Dowódca Jednostki Ratowniczo-Gaśniczej w Piotrkowie Trybunalskim Tomasz Wojtakowski poinformował, że jego oddział skupił się na bezpieczeństwie mieszkańców pobliskich domów, a także ocenie możliwego zagrożenia dla środowiska.

Koledzy ubrali się w aparaty ochrony dróg oddechowych i specjalne ubrania. Sprawdzili, czy nie występuje strefa zagrożenia wybuchem. Przy użyciu naszych detektorów nie stwierdzono takiej strefy. Następnie przyjrzeliśmy się tym pojemnikom, czy gdzieś nie są uszkodzone, czy nie ma wycieku do gleby. Również nie stwierdzono takich uszkodzeń - powiedział Wojtakowski.

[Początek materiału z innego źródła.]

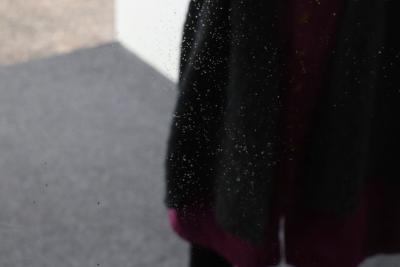 Vintage Italian Modernist Hexagonal Steel and Chrome Cheval Dressing Mirror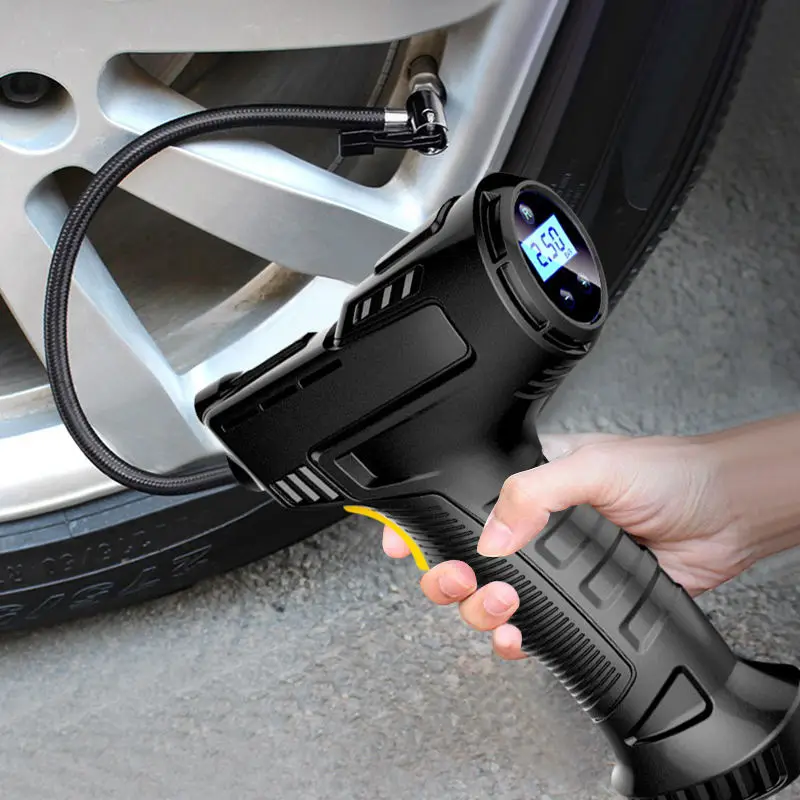 Беспроводной ручной компрессор воздушного насоса для шин автомобиля Автомобильный электрический воздушный насос Мини портативный воздушный насос для автомобильных шин Изображение 2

Policjanci dotarli już do właściciela działki. Teraz będzie ustalane, czy to on odpowiada za składowanie środków chemicznych, czy też ktoś inny je tam dostarczył.

Na miejscu byli także prokurator i inspektor ochrony środowiska. Śledztwem zarządza miejscowa prokuratura rejonowa, która na razie nie udziela informacji, tłumacząc, że sprawa jest w początkowej fazie.

Każdego to niepokoi, nie ukrywamy tego. Co dokładnie tam jest, to nie byłam ani nie widziałam, bardziej ze słyszenia - mówi naszej reporterce jedna z mieszkanek Piotrkowa.

Jak nieoficjalnie dowiedziała się reporterka RMF FM Agnieszka Wyderka, torby są wypełnione pojemnikami ze sprayem do dezynfekcji. Ich dokładny skład ma ustalić ekspert we współpracy z Wojewódzkim Inspektoratem Ochrony Środowiska w Łodzi.